There he was on stage, behind those thick, dark-rimmed glasses, weighed down by something not yet fully perceived. His breathing struggled to escape but his words, despite everything, were clear and intense...and now, comrades, I urge you all to commit yourselves, in these few days that separate us from the vote, with the enthusiasm that communists have always shown at crucial moments. Work all of you, house by house, company by company, street by street, engaging with citizens, with faith in the battles we have fought, in the proposals we present, for what we have been and are... from the audience, with brotherly love, someone notices his condition and urges him to stop. Enough Enrico! Enough! ...it is possible to gain new and broader support for our lists, for our cause, which is the cause of peace, of freedom, of work, of the progress of our civilization...and the curtain fell.

He died four days later. He left us, the man who had made the Italian Communist Party great,the honest man, integral and tenacious, the true politician, prone to error but loyal and decent. The one who, with lively cordiality, told Brezhnev to go to hell and mimicked him despite being involved in a strange car accident. Berlinguer could have been an angel and on that occasion, he could soar, avoiding the twisted metal. The man of the "moral question," of the historic compromise, of righteous politics, of FIAT occupations was gone. The man who, if he had risen to the Government, would surely have made Italy a better country.The most loved one. A Communist. But a True one.

About sixty directors, journalists, actors, among whom it's obligatory to highlightPontecorvo, Maselli, the Bertolucci brothers, Scola, Benigni, Montaldo, Agosti, placed on film the funeral of Compagno Berlinguer, held in Rome on June 13, 1984. Under the shadow of an Adagio overwhelmed by applause, in Piazza San Giovanni, there were over a million people kissing the shroud. Intense and profound were the tears of President Pertini. When he placed his hands on the coffin hoping to feel a hint of warmth. He stared at the coffin, leaned in as if to whisper his last words of love. For him who was the fraternal friend, a son, a comrade in the struggle. A kiss makes that love immortal.

Gorbachev, Arafat. Mastroianni, Rosi, Moravia. Craxi, Spadolini. Giancarlo Pajetta trembles as he announces the remembrance. The Red Sea parts, as if for Moses, and even the enemy appears. Miraculously. Even Giorgio Almirante, the fascist executioner, bows to the Great Comrade. Interviews, memories, words of ordinary people flow. Many the sobs and countless the tears.

I wasn't there. And it pains me. I couldn’t love him when alive, when I could listen to him live and be infected by his ideas. I am loving him now as a distant spectator. And when I look around, I understand how great he was. Perhaps the only thing I hold against him, with due respect and a hint of fear, is that stubborn firmness towards the Red Brigades. Why did he not endorse the possibility of saving Moro? I will never have an answer, although I can imagine it would not have been easy to negotiate with terrorists, especially if they colluded with the State. But this we could not have known.

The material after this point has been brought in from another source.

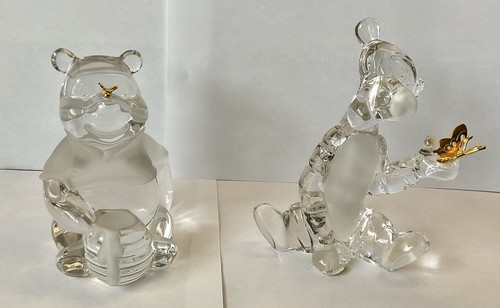 Lenox fine crystal - fine,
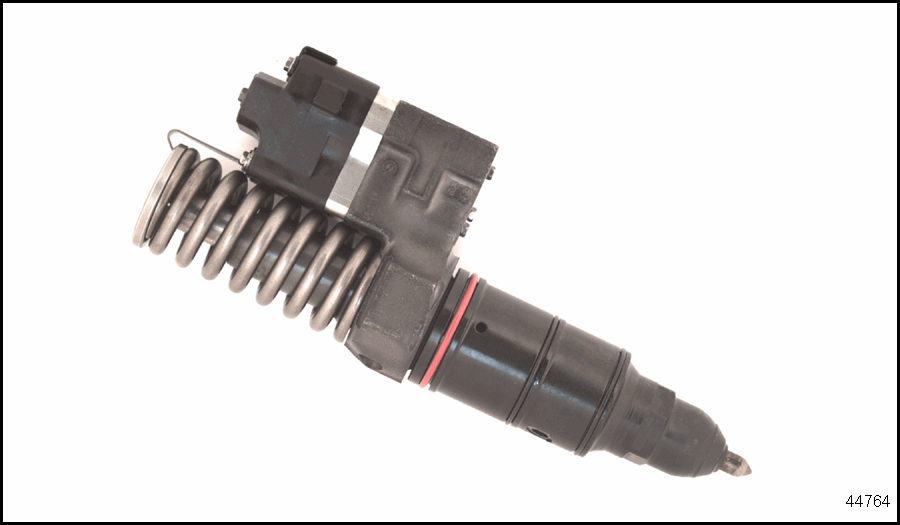 Click to see this graphic in a separate window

From this documentary, a very moving scene remains impressed in my mind. It shows how much he was loved and what politicians were like in the past. Not even that long ago. A child is interviewed who cannot contain his emotion. He must have been around ten years old or a little less. The white voice mixed with tears answers an essential question from the interviewer. What was Berlinguer to you? And he, with disarming sincerity that touches the heart, with a face still innocent and washed by tears, while twisting his lips into a grimace of pain... he was a good person...

He was a Communist. And I am proudly proud of it.